Best Practices For A Healthy Smile

Best Practices For A Healthy Smile

It’s never too late to start taking care of your teeth. Besides, some habits that may seem harmless can actually harm your smile. Listed below are some practices that can lead to dental problems.

  • Visit your dentist regularly

When it comes to your dental health, your dentist is your first line of defense. Your dentist is trained to detect problems such as tooth decay and gum disease in their early stages before these problems can cause significant damage to your oral health. With regular checkups, your dentist will also have the opportunity to catch and treat problems early, which can prevent the need for restorative or cosmetic procedures to restore the beauty of your smile.
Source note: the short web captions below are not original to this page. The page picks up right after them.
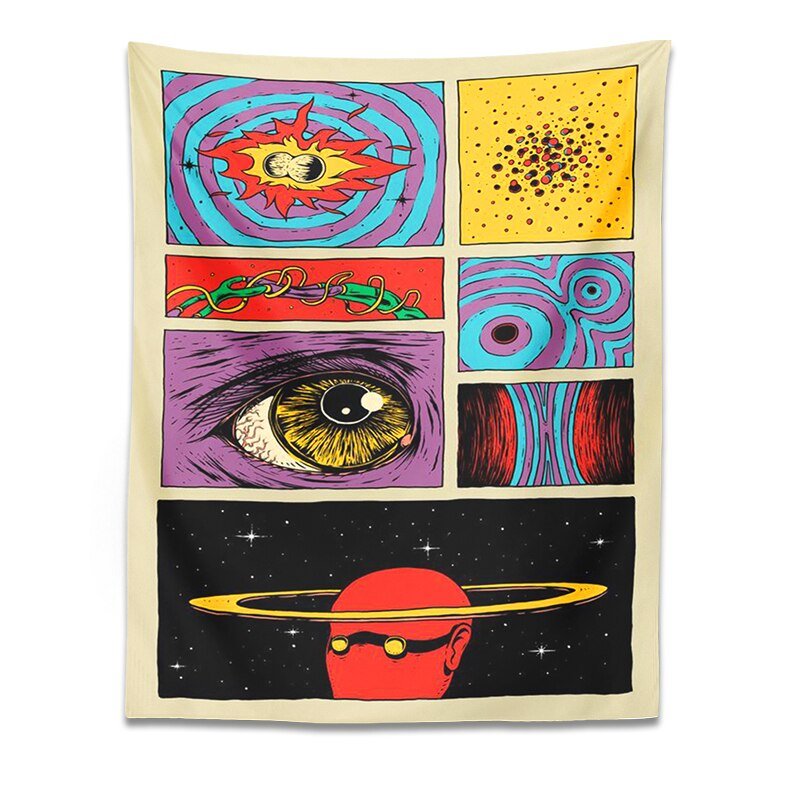 Stjärnig Himmel Psykedelisk Tapestry Vägghängning 100% Polyester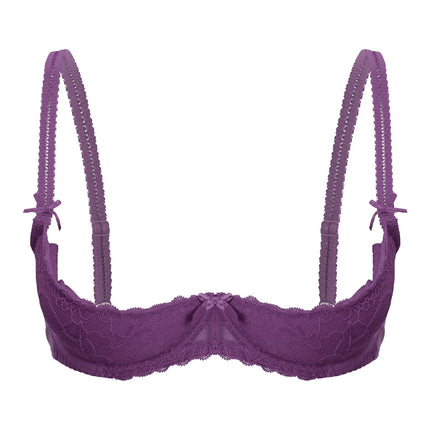 Lace Underwire Half-Cup Push-Up Bra
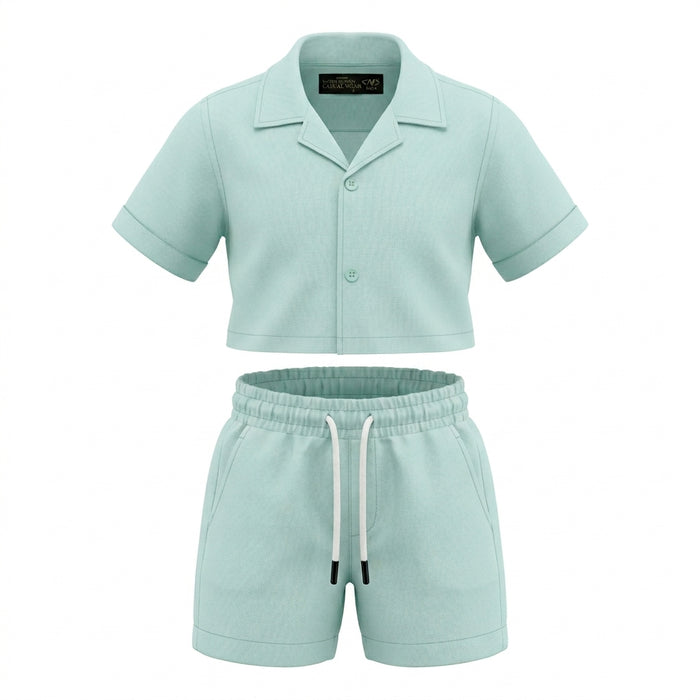 Kids Short Sleeve Shirt And Shorts Set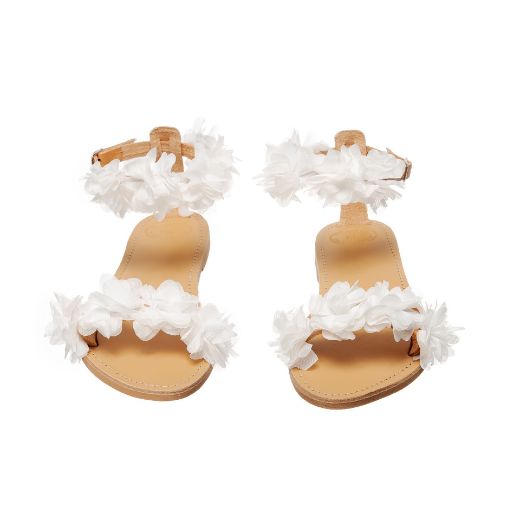 leather bridal sandals with white flowers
If you don’t visit the dentist on a regular basis, you could be putting yourself at risk for a variety of oral health problems.

  • Brush your teeth twice daily

It’s important to use a soft-bristled toothbrush with an ADA-accepted toothpaste to remove plaque and tartar buildup from between teeth and along the gum line. You should also consider brushing your tongue once you brush the rest of your teeth. This will remove bacteria from the tongue that can cause bad breath. Brushing your teeth daily is the foundation of a healthy smile. Ensure that you brush your teeth for two minutes each time.

  • Floss daily

Brushing your teeth twice a day is great, but flossing is just as important to keeping your teeth and gums healthy. In fact, the American Dental Association (ADA) recommends flossing at least once a day – preferably before bed. By brushing and flossing both morning and night, you’re removing any food particles or bacteria that build up throughout the day. 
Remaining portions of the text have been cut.